High frequency stimulation of the posterior hypothalamic nucleus restores movement and reinstates hippocampal-striatal theta coherence following haloperidol-induced catalepsy.

Deep brain stimulation (DBS) of the subthalamic nucleus has been used extensively in the treatment of Parkinson's disease. However, the efficacy of such treatments on bradykinesia/akinesia remains low. DBS of the posterior hypothalamic nucleus (PH) elicits spontaneous, non-stereotypical motor behaviours. We tested the hypothesis that PH stimulation could restore movement in animals made cataleptic by the D(2) receptor antagonist haloperidol. We further hypothesized that hippocampal-striatal neural synchrony may be important in the organization of motor behaviours. Animals chronically implanted with hippocampal and striatal recording electrodes and PH stimulating electrode were tested in open field, catalepsy and active avoidance paradigms.

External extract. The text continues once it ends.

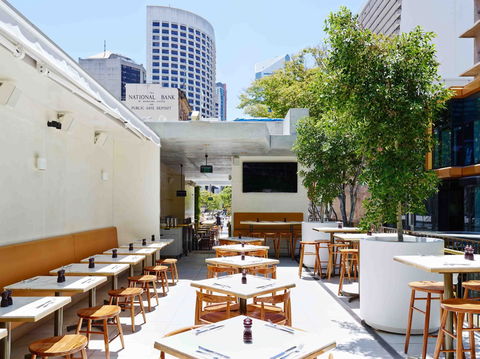 Jimmy's On The Mall - Surfers Paradise Gold Coast 0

The degree of hippocampal-striatal theta (5-10 Hz) field coherence was assessed during baseline avoidance testing and following the administration of haloperidol. Haloperidol abolished movement in open field and active avoidance tasks and increased the latency to respond in the catalepsy test. Stimulation of the PH under haloperidol reversed catalepsy. Hippocampal-striatal theta coherence was high throughout the active avoidance task in control experiments but was greatly reduced under haloperidol. PH stimulation was able to reinstate the hippocampal-striatal theta coherence while restoring task-related behaviours. These results support the hypothesis that DBS of the PH could restore motor behaviours in rats made cataleptic with haloperidol, thus providing strong support for the PH as a promising candidate for DBS in the treatment of Parkinson's disease. Furthermore, the results support the view that hippocampal-striatal theta coherence may be important for the planning and execution of goal-oriented behaviors.